Friday, September 28, 2007

Tsuk Mitchell, From Pluralism to Individualism: Berle and Means and 20th-Century American Legal Thought

Dalia Tsuk Mitchell, George Washington University Law School, has posted an article, From Pluralism to Individualism: Berle and Means and 20th-Century American Legal Thought. It appeared in Law & Social Inquiry. Here's the abstract:
This article is an intellectual history of Adolf A. Berle, Jr. and Gardiner C. Means, The Modern Corporation and Private Property (1932). I argue that Berle and Means's concern was not the separation of ownership from control in large pubic corporations, as many scholars have suggested, but rather the allocation of power between the state and a wide range of institutions. As I demonstrate, Berle and Means shared a legal pluralist vision of the modern state. Legal pluralism treated organizations as centers of power that had to be accommodated within the political and legal structure.

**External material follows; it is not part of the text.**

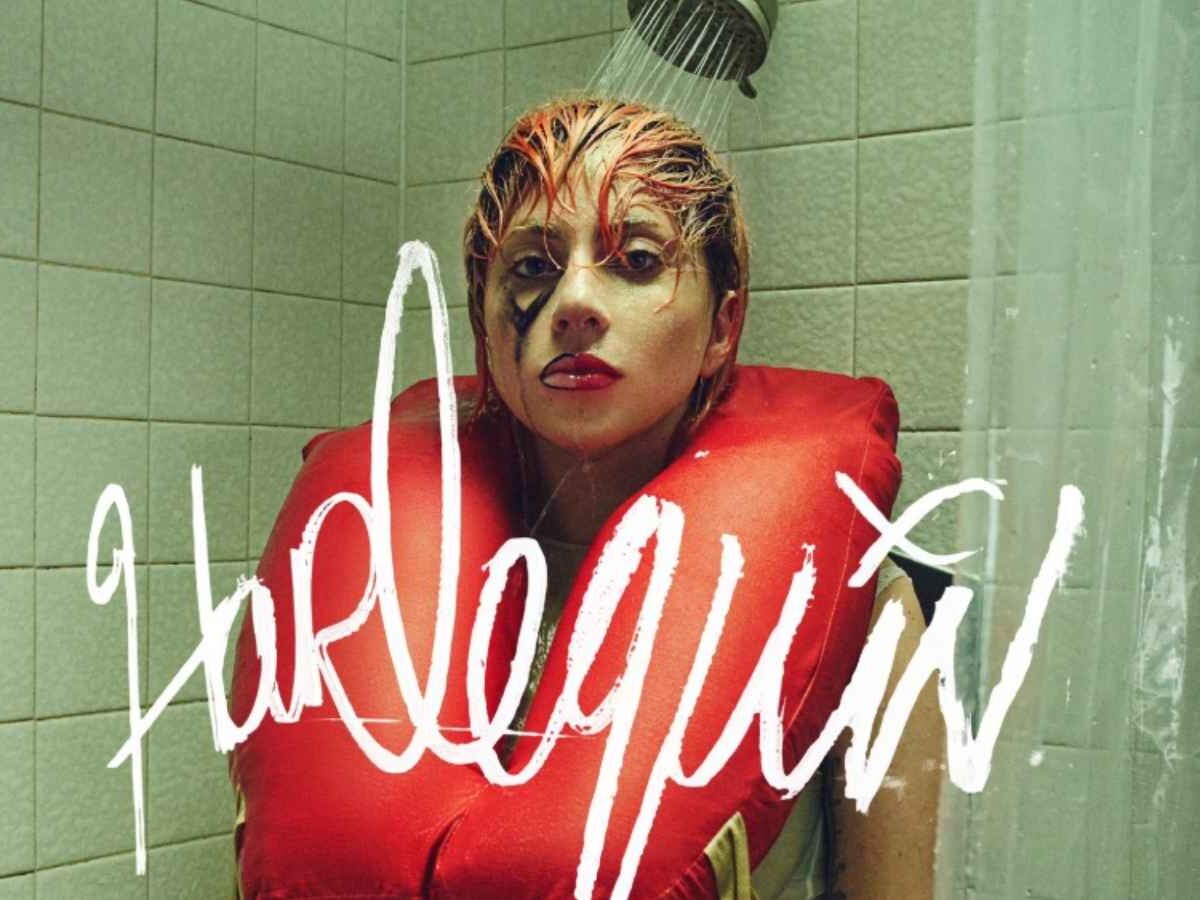 Lady Gaga anuncia álbum Arlequina, parte de Coringa 2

Berle and Means viewed collective entities such as corporations as the foundation of the modern state, at the same time that their concern about the power that these entities could exercise led them to proclaim that corporate power (like sovereign power) should be exercised to benefit the community at large.
The article further explores how Berle and Means's legal pluralist vision was eclipsed in the second half of the twentieth century as the attention of lawyers, legal scholars, and government officials shifted from collective entities to the individual as the basis for legal and political analysis (postwar interest group pluralism reflected this shift). The article then shows how this transformation helped legitimate the view that corporate entities were nexuses of private, contractual relationships. Informed by neoclassical economics, advocates of this new vision of the firm emphasized the role of economic markets in regulating corporate power. With deregulation and free markets in mind, neoclassicists came to treat The Modern Corporation and Private Property as a book about the limited question of the effects of the separation of ownership from control on efficiency and profit maximization, not as a book about corporate power as Berle and Means had intended.